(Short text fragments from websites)
--- START ---
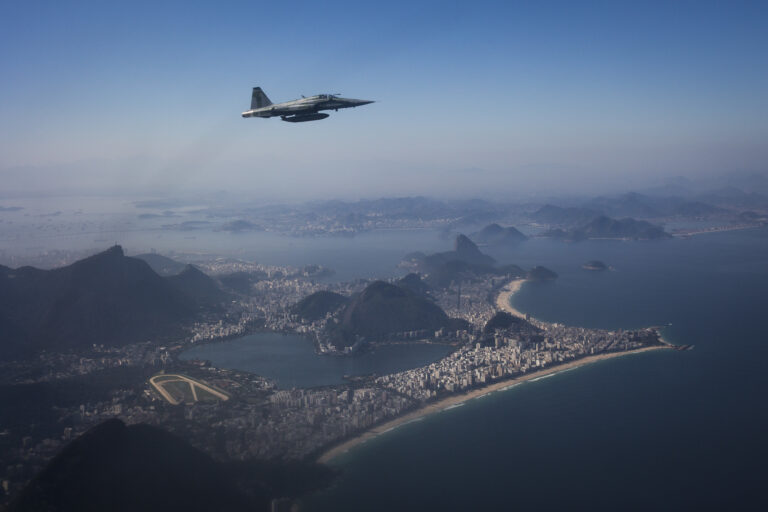 A F-5 fighter flies over Rio de Janeiro while intercepting another aircraft, photographed through a window, during a Brazilian Air Force presentation for the press ahead of the Olympic games in Rio de Janeiro, Brazil, Thursday, July 14, 2016. (AP Photo/Felipe Dana)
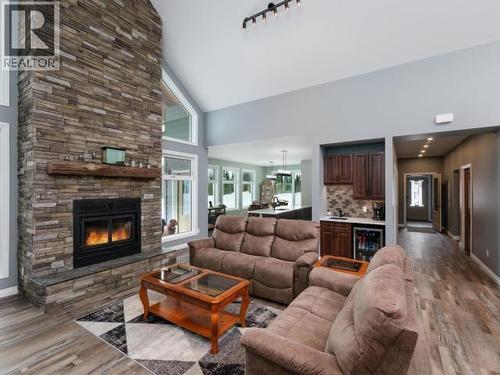 348 Dusty Trail, Whitehorse North, YT - Indoor Photo Showing Living Room With Fireplace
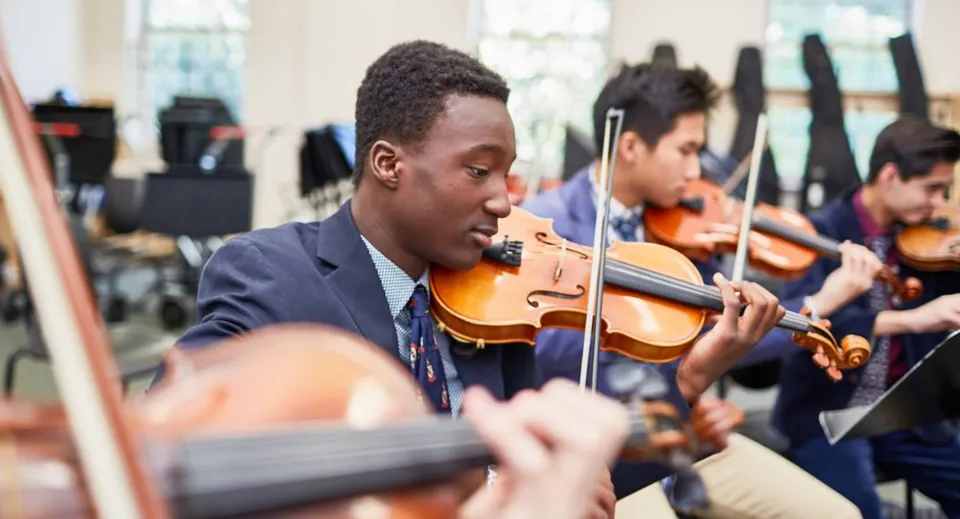 Uno studente del De la Salle College a Macroom suona il violino durante un'esibizione musicale con altri musicisti.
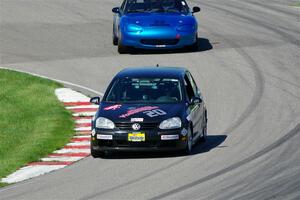 Tom Daly's T4 VW Rabbit and Rick Buan's Spec Miata Mazda Miata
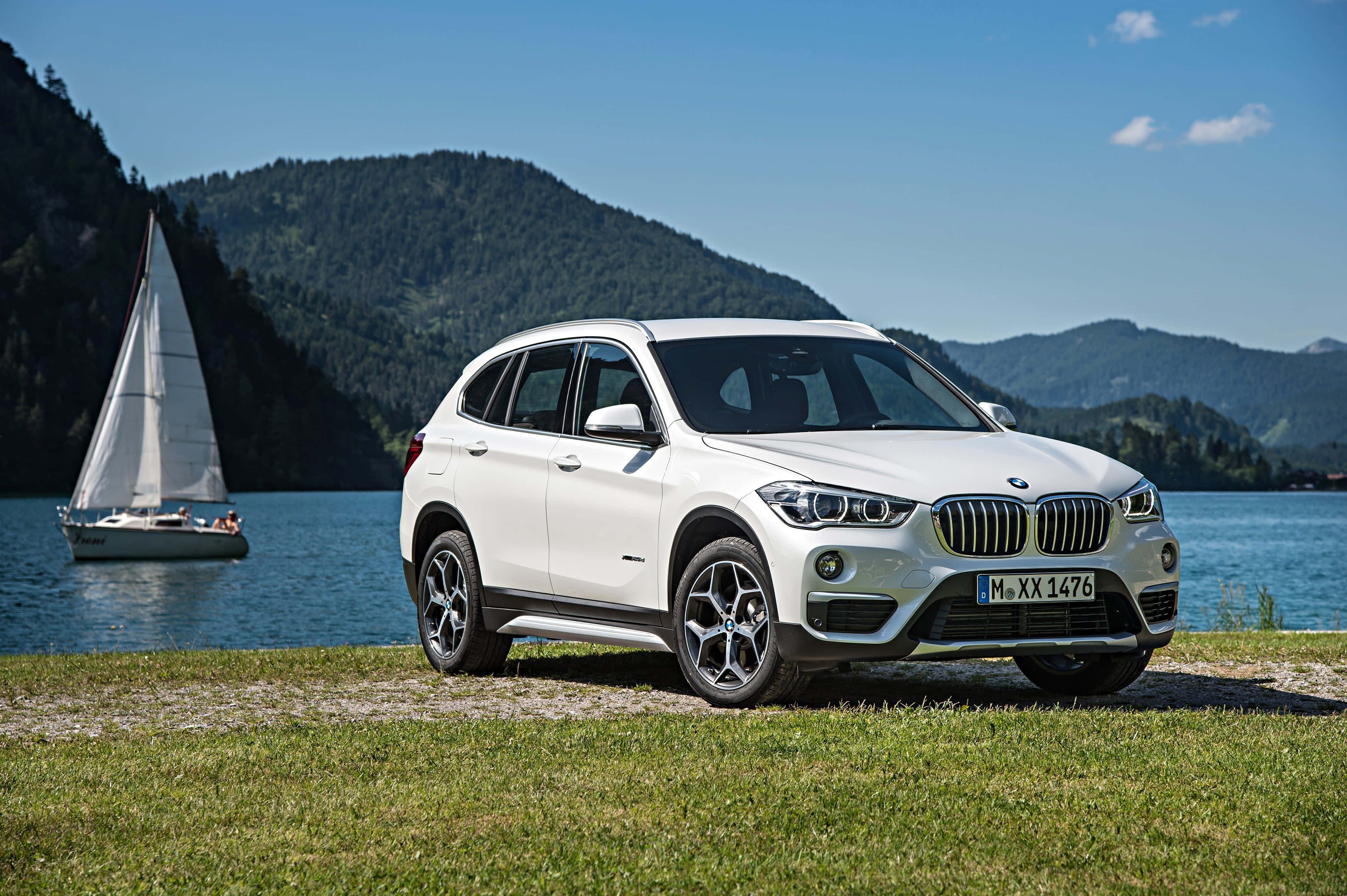 Bmw X1 桌布 壁紙 — 一輛白色BMW SUV停泊在湖邊草地上，湖上有帆船和樹木繁茂的山丘，天空湛藍清澈。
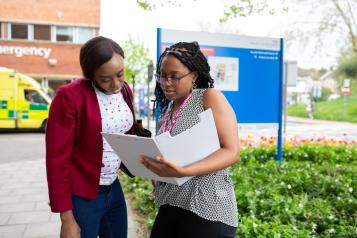 Women talking outside hospital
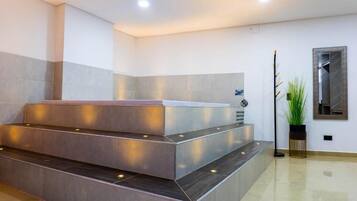 Zona de recepción con diseño moderno, que incluye un mostrador de recepción, una escalera y una planta en maceta.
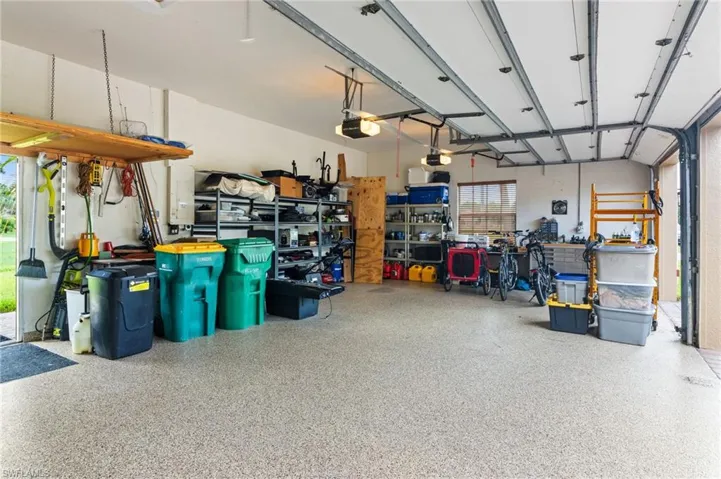 Garage featuring a workshop area and a garage door opener
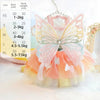 A colorful rainbow butterfly pet dress for cats and dogs displayed with size chart options.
--- END ---
## TASK TO COMPLETE
Could you reproduce the records above exactly, leaving out the pictures?

## TASK RESPONSE
 A F-5 fighter flies over Rio de Janeiro while intercepting another aircraft, photographed through a window, during a Brazilian Air Force presentation for the press ahead of the Olympic games in Rio de Janeiro, Brazil, Thursday, July 14, 2016. (AP Photo/Felipe Dana)
 348 Dusty Trail, Whitehorse North, YT - Indoor Photo Showing Living Room With Fireplace
 Uno studente del De la Salle College a Macroom suona il violino durante un'esibizione musicale con altri musicisti.
 Tom Daly's T4 VW Rabbit and Rick Buan's Spec Miata Mazda Miata
 Bmw X1 桌布 壁紙 — 一輛白色BMW SUV停泊在湖邊草地上，湖上有帆船和樹木繁茂的山丘，天空湛藍清澈。
 Women talking outside hospital
 Zona de recepción con diseño moderno, que incluye un mostrador de recepción, una escalera y una planta en maceta.
 Garage featuring a workshop area and a garage door opener
 A colorful rainbow butterfly pet dress for cats and dogs displayed with size chart options.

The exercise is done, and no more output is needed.